Auto Routing

One router for complexity, semantic, and adaptive routing. Classify each request with heuristics, an LLM classifier, or lexical/semantic keyword rules, then route to a pinned model, a random pool, or a Thompson-sampled pool per tier.

Availability

Ships in v1.94.x. The earliest dev release cuts Tuesday, 2026-07-14. Suggestions and feedback: discussion #32168.

When to use

Feature	Semantic Auto Router (deprecated)	Auto Routing (this page)
Classifier	Embedding match on utterances	Heuristic, LLM classifier, or lexical/semantic keyword rules
Tier value	One model	One model, random pool, or adaptive (Thompson-sampled) pool
Latency	~100-500ms (embedding call)	Sub-millisecond (heuristic/keyword) or one small classifier call (LLM)
Session pin	No	Opt-in `session_affinity`, keyed by `session_id` from request metadata
Log	No routing-cause signal	`cause=` marker per decision (scorer, literal, semantic, session_pin, LLM)
Best for	Intent-based routing	Cost/quality tiering, hybrid rule + classifier setups, prompt-cache pinning

The semantic auto router is deprecated but still works for existing configs.

Quick start (Proxy)

model_list:
  - model_name: gpt-4o-mini
    litellm_params: {model: openai/gpt-4o-mini, api_key: os.environ/OPENAI_API_KEY}
  - model_name: gpt-4o
    litellm_params: {model: openai/gpt-4o, api_key: os.environ/OPENAI_API_KEY}
  - model_name: claude-sonnet-5
    litellm_params: {model: anthropic/claude-sonnet-5, api_key: os.environ/ANTHROPIC_API_KEY}
  - model_name: gpt-5.5
    litellm_params: {model: openai/gpt-5.5, api_key: os.environ/OPENAI_API_KEY}

  - model_name: smart-router
    litellm_params:
      model: auto_router/complexity_router
      complexity_router_config:
        tiers:
          SIMPLE:    gpt-4o-mini
          MEDIUM:    gpt-4o
          COMPLEX:   claude-sonnet-5
          REASONING: gpt-5.5
      complexity_router_default_model: gpt-4o

Call it like any other model:

curl -X POST http://localhost:4000/v1/chat/completions \
  -H "Authorization: Bearer $LITELLM_API_KEY" \
  -d '{"model": "smart-router", "messages": [{"role": "user", "content": "What is 2+2?"}]}'

Full config

Every knob v2 exposes. All fields on complexity_router_config are optional except tiers.

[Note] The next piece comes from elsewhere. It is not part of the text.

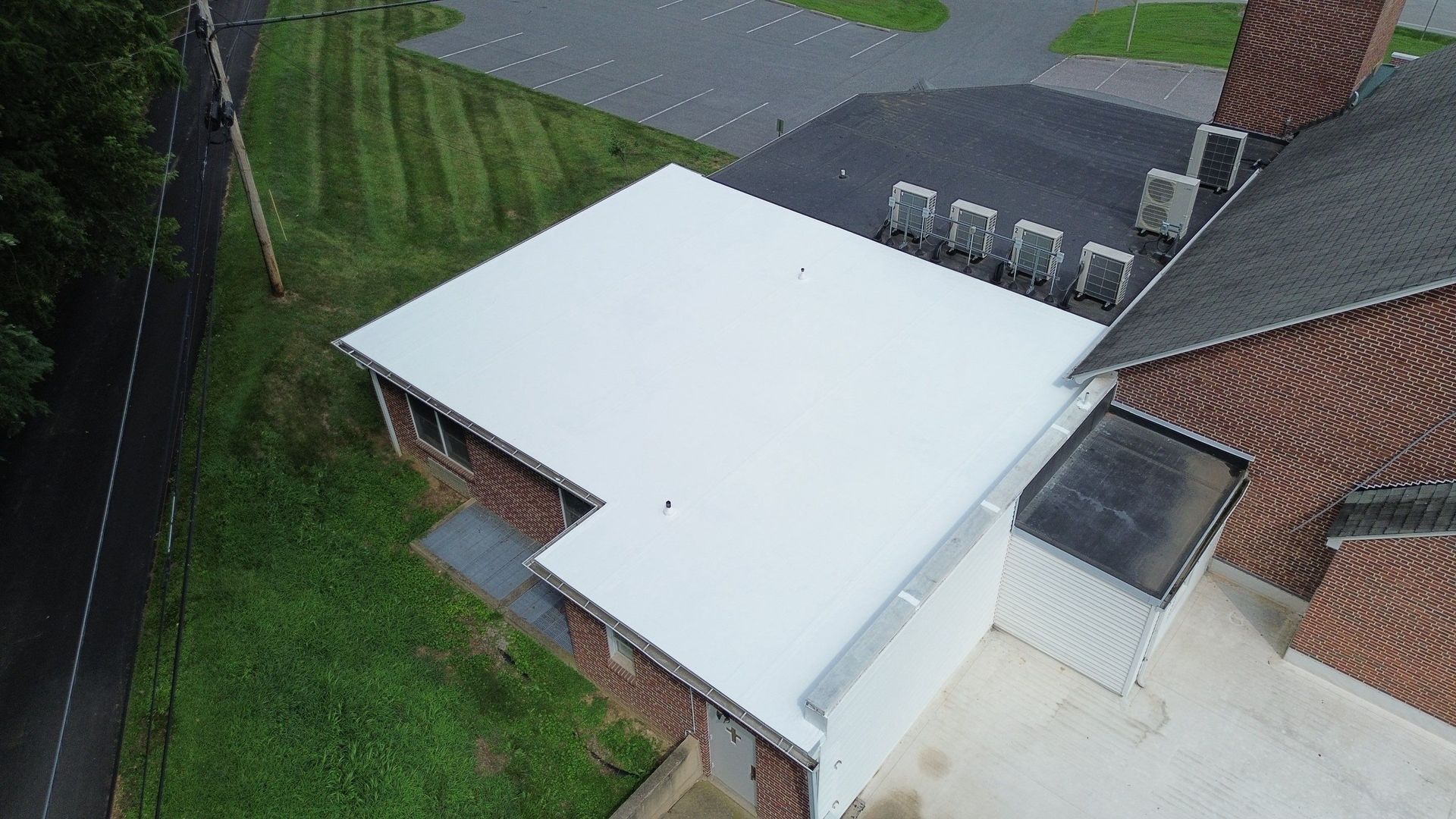 Low-slope roof section with a white membrane or coating system installed to repair and protect a vulnerable roof area.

- model_name: smart-router
  litellm_params:
    model: auto_router/complexity_router
    drop_params: true
    complexity_router_config:
      tiers:
        SIMPLE:    ["gpt-4o-mini", "claude-haiku-4-5"]   # random-pick pool
        MEDIUM:    gpt-4o                                 # single pin
        COMPLEX:   claude-sonnet-5
        REASONING: gpt-5.5

      # LLM classifier instead of the heuristic scorer
      classifier_type: llm
      classifier_llm_config:
        model: claude-haiku-4-5-20251001
        timeout_ms: 2000

      # Keyword rules, run before the scorer, escalate to the highest matched tier
      keyword_tier_rules:
        - keywords: ["hi", "hello", "thanks"]
          tier: SIMPLE
        - keywords: ["kubernetes", "k8s", "istio"]
          tier: REASONING
      semantic_keyword_matching: true
      embedding_model: voyage-3-5
      match_threshold: 0.5

      # Append to the built-in technical keyword list
      custom_technical_keywords: [kafka, redis, postgresql, udp, dns]

      # Thompson-sample within the tier's pool
      adaptive: true

      # Pin a session to its first-turn model to preserve prompt cache
      session_affinity: true
      session_affinity_ttl_seconds: 3600

      # Tune heuristic scorer boundaries and weights (all optional)
      tier_boundaries:
        simple_medium:     0.15
        medium_complex:    0.35
        complex_reasoning: 0.60
      token_thresholds:
        simple:  15
        complex: 400
      dimension_weights:
        tokenCount:        0.10
        codePresence:      0.30
        reasoningMarkers:  0.25
        technicalTerms:    0.25
        simpleIndicators:  0.05
        multiStepPatterns: 0.03
        questionComplexity: 0.02

    complexity_router_default_model: claude-sonnet-5

Classification

Three ways to pick a tier. Pick one; the router falls back to the heuristic scorer if the LLM classifier errors or if no keyword rule matches.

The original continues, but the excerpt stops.